Soapdish est à l’image de son casting, foisonnant et agité. Cette comédie sur les dessous des soap opéras n’hésite pas à se moquer de ses plus évidents travers. Ces séries feuilletonesques aux péripéties épatantes d’aplomb, ces comédiens au jeu forcé et rarement juste, aux mises en scène simplistes et trop éclairées, bref, ces créations télévisuelles faites pour entraîner le spectateur d’un épisode à l’autre, mais sans faire peur à la ménagère.


De tout cela le film de Michael Hoffman n’hésite pas à s’en moquer, ses reproductions de la série The Sun Also Sets ont le charme faux de ces productions, l’illusion est évidente, la caricature légèrement grossie soulignant ses principaux vices et clichés.


Mais l’ambition de Soapdish est d’exposer sa galerie de personnages, tout ce petit monde s’affairant autour de la série, avec les décideurs, l’équipe technique et les acteurs, bien entendu. Le film s’ouvre d’ailleurs sur une cérémonie de remise de prix, à l’attente certaine, au résultat en décalage. Malgré toute la pression, ce ne sera qu’une statuette de plus pour Celeste Talbert, héroïne du show mais fébrile et agitée, malmenée par une rupture amoureuse et les manigances du producteur, David, et de Montana, une actrice rivale pour lui faire prendre sa retraire. Jeffrey Anderson, un ancien acteur du show viré va être intégré, en dépit de toute cohérence scénaristique (pas grave), tandis que Lori, la nièce de Celeste va prendre une place de plus en plus grande sur le plateau.


Il faut voir ce petit monde s’agiter, se faire des amabilités pour mieux lancer le couteau dans le dos. Ce petit monde aux égos fragiles, aux jalousies évidentes ou aux ressentiments mieux dissimulés prend place dans le plateau de la série télévisée, avec ses décors mais aussi ses couloirs, ses bureaux ou ses salles de réunions. La scénariste principale ne peut parfois rien faire contre les décisions arbitraires mais aussi les plus évidentes des magouilles pour influer sur le sort de tel personnage. Le trait est évidemment forcé, mais son exotisme amuse, et la représentation de ce monde est bien réalisée.
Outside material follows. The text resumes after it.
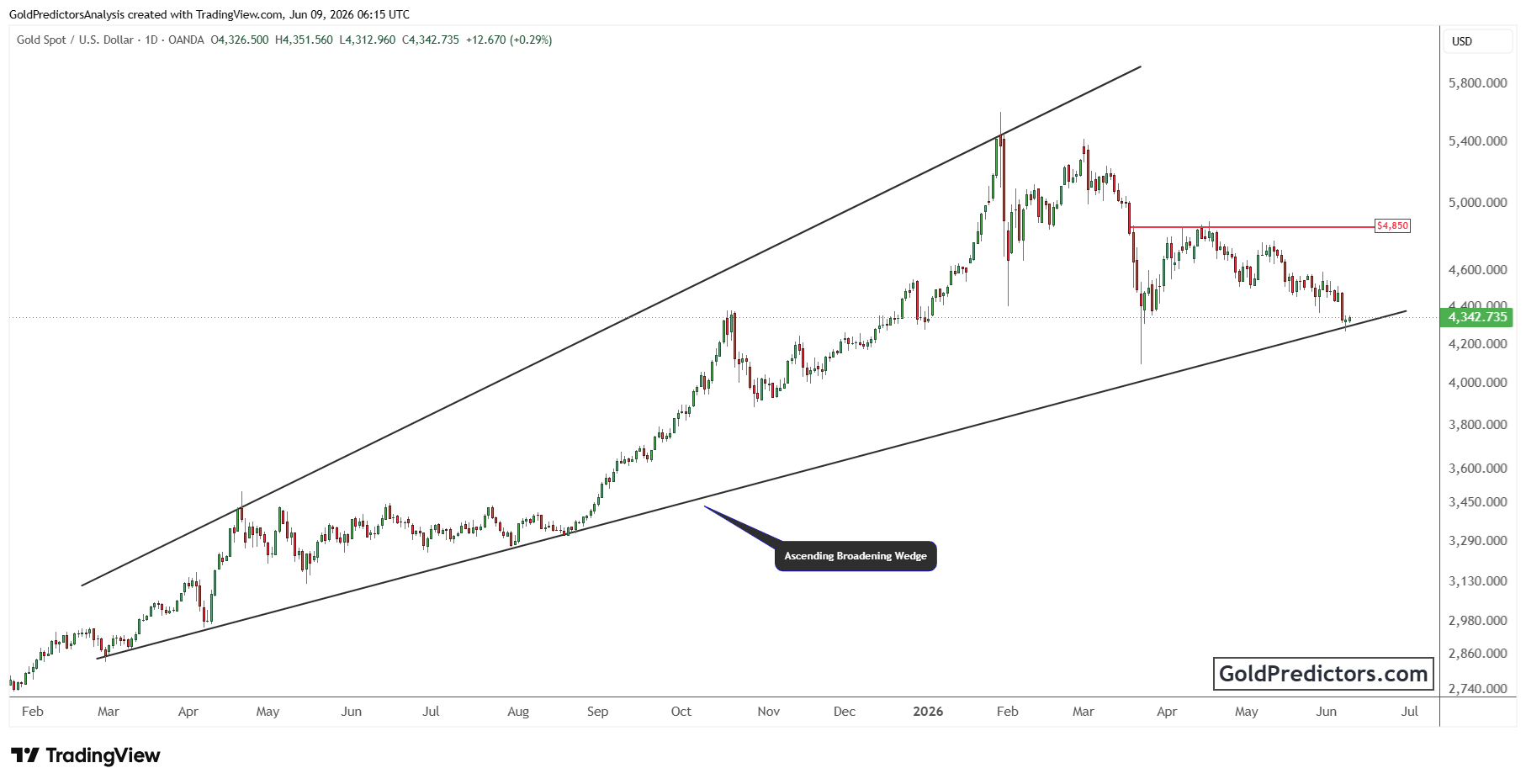 XAUUSD_2026-06-09_11-15-44.png XAUUSD_2026-06-09_11-15-44.png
Quelques années avant Radioland Murders, comédie burlesque dans le monde de la radio de la fin des années 1930, Soapopera est peut-être plus grinçant, mais possède le même humour, un peu farfelu. Quand les histoires personnelles des personnages principaux deviennent plus folles que celles de leurs acteurs dans le show, le film perd un peu de sa saveur, là où son immersion sans but clair dans ce monde fou était plus réjouissant.
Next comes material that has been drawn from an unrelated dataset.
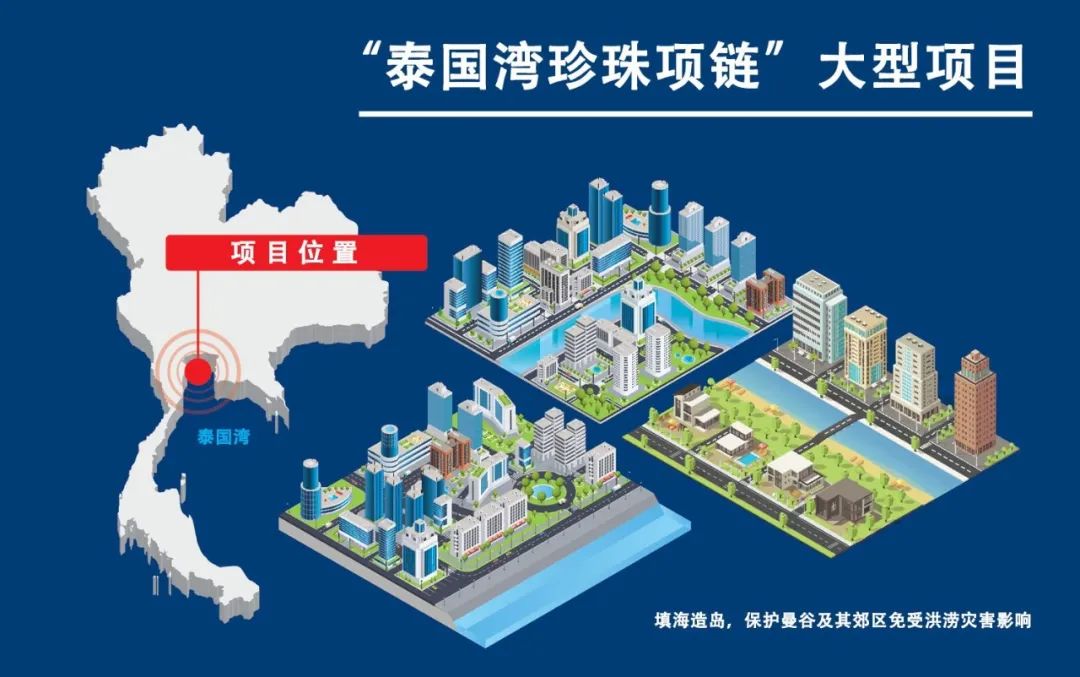 国际资讯 | [东南亚]泰国海堤计划引发抗议/菲律宾不动产税制现代化变革(2024.11)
Soapdish réunit une bel équipage, une belle brochette d’acteurs confirmés de ces années, à qui il est demandé d’en faire un peu trop, dans l’exagération voulue du ton de cette comédie, et qui répondent à cette demande avec un certain entrain. Sally Field est au centre, et on pourrait s’amuser de faire le parallèle entre son personnage, une actrice au sommet de sa carrière, appréhendant la chute, avec son parcours personnel, les Oscars dans les années 1980 et une décennie suivante plus traditionnelle dans le cinéma grand public. Sally Field passe par toutes les émotions dans ce film, sans aucune demi-mesure, dans l’outrance de son personnage inquiète et affolée. Hormis la scène de la révélation “familiale”, où sa peine est moins crédible, il faut tout de même être une talentueuse actrice pour passer tout le film dans des états aussi différents, avec un ridicule pleinement assumé par le film.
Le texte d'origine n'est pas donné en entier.